Um die Ziele des EURATOM-Vertrages zu erreichen, wurde seitens der EU-Kommission im Rahmen des aktuellen 7. Forschungsrahmenprogramms für den Zeitraum 2007 bis 2011 insgesamt über 3 Milliarden Euro für Forschungsaktivitäten zur Verfügung gestellt. Über 2 Milliarden Euro gingen dabei in die Fusionsforschung, insbesondere für die kontrovers diskutierte Entwicklung des Fusionsforschungsreaktors ITER. Für den Zeitraum 2012 bis 2013 wurde der Betrag für EURATOM auf 2,5 Milliarden Euro festgelegt. Auch hierbei geht der größte Anteil des Geldes an ITER, nämlich 2,2 Milliarden Euro. Fakt ist also, dass der Forschungsförderungsbereich im EURATOM-Vertrag derzeit vorwiegend zur Finanzierung der Fusionstechnologie genutzt wird. Ob das Geld dort gut aufgehoben ist, darüber lässt sich trefflich streiten. Wir haben da große Zweifel.

Es ist nicht eindeutig geklärt, ob Deutschland einseitig zum Beispiel durch Kündigung aus dem EURATOM-Vertrag aussteigen kann. Unabhängig davon finde ich eine andere Argumentation überzeugender: Einen Verein oder eine Partei verändert man am besten von innen. Beim EURATOM-Vertrag ist das nicht anders. Deshalb verstehe ich, liebe Kolleginnen und Kollegen von den LINKEN, Ihre Argumentation in diesem Punkt nicht. Sie fordern im vorliegenden Antrag eine Reform und gleichzeitig den Ausstieg aus EURATOM. Wenn man aber etwas verändern will, kann man doch nicht einfach aus den Entscheidungsgremium aussteigen! Völlig logisch ist doch, dass sich EURATOM nach einem Ausstieg Deutschlands gar nicht verändert. Übernahme von Verantwortung sieht meiner Meinung nach anders aus.

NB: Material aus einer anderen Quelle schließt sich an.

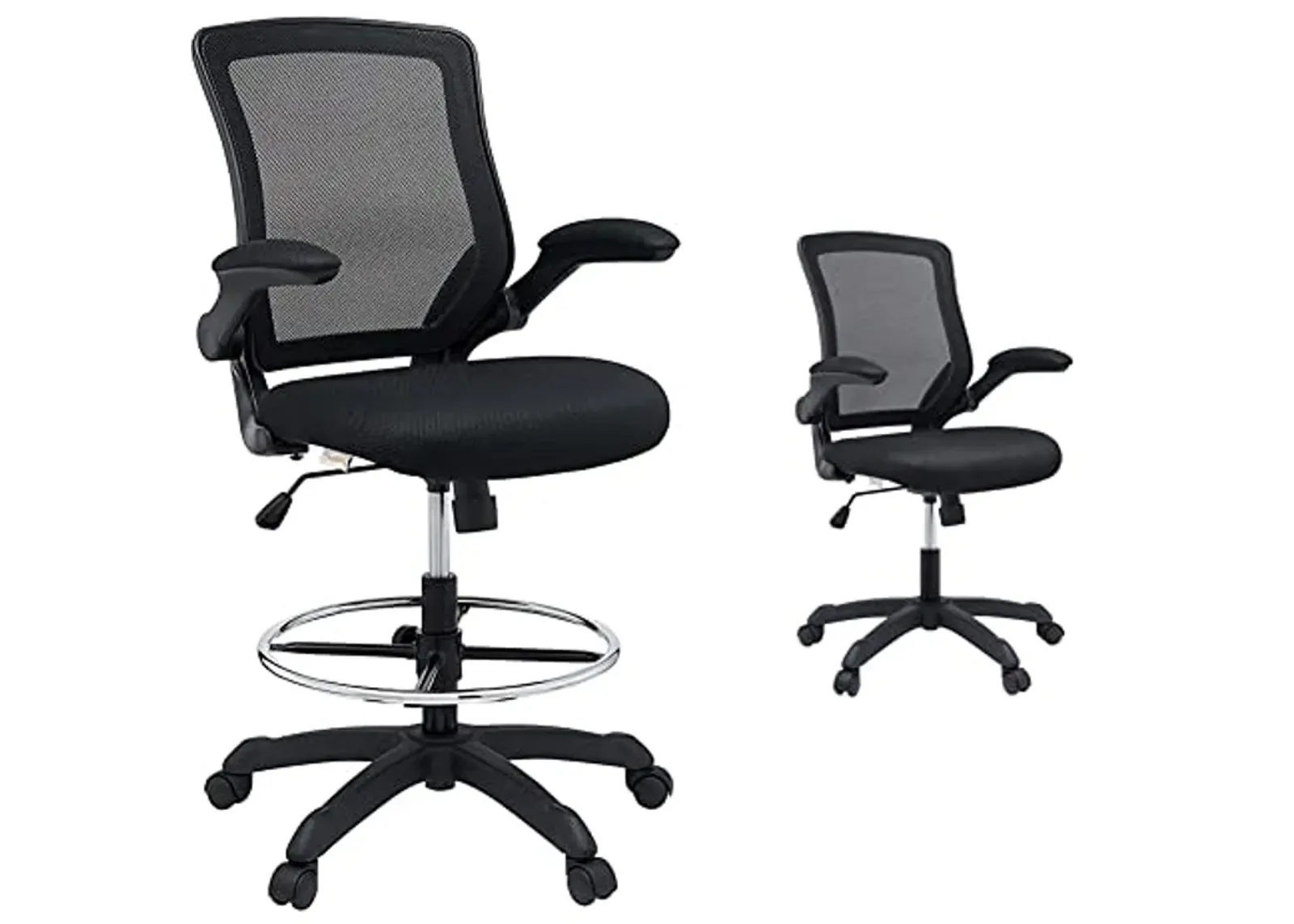 Modway Veer Office Chair and Drafting Chair Bundle in Black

In Deutschland wird 2022 endlich das letzte Atomkraftwerk vom Netz gehen. Der strahlende Müll wird hingegen noch Generationen nach uns beschäftigen. Denn eine Lösung haben wir dafür immer noch nicht. In Europa wird es nach heutigem Stand leider auch über das Jahr 2022 Atomkraftwerke geben. Wir als Deutsche haben deshalb ein großes Interesse, dass die EU für alle Atomkraftwerke sowie Zwischen- und Endlager höchste einheitliche Sicherheitsstandards vereinbart. Im Bereich der Sicherheits- und Endlagerkonzepte besteht somit europäischer Forschungs- und Entwicklungsbedarf. Auch in der medizinischen Forschung wäre eine stärkere europäische Zusammenarbeit von Vorteil. Ich denke dabei zum Beispiel an die Behebung des Technetium-99-Mangels. Klar muss aber auch sein, dass die Forschungsförderung zum Ausbau oder sogar Neubau von Atomkraftwerken zur Energiegewinnung nicht Aufgabe einer gemeinsam finanzierten Forschungsförderung sein darf. Ob die Fusionsforschung im heutigen Finanzrahmen weitergeführt werden sollte, bleibt ebenfalls zu diskutieren.

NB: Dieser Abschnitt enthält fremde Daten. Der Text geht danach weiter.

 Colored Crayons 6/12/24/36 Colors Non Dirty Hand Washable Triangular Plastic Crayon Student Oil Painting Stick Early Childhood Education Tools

Die verstärkte Förderung von erneuerbarer Energie ist notwendig und richtig. Hierfür sind mehr nationale und europäische Anstrengungen nötig. Ob auf europäischer Ebene ein eigener Vertrag das adäquate Mittel ist, muss nun geprüft werden. Grundsätzlich halten wir den Schwenk von der europäischen Atompolitik hin zur Förderung von Effizienz und Erneuerbaren Energien für unausweichlich, unverzichtbar und mit großen Chancen verbunden. Ich freue mich somit auf die weiteren Diskussionen zu den angesprochen Punkten mit Ihnen im Ausschuss.

Vielen Dank für Ihre Aufmerksamkeit!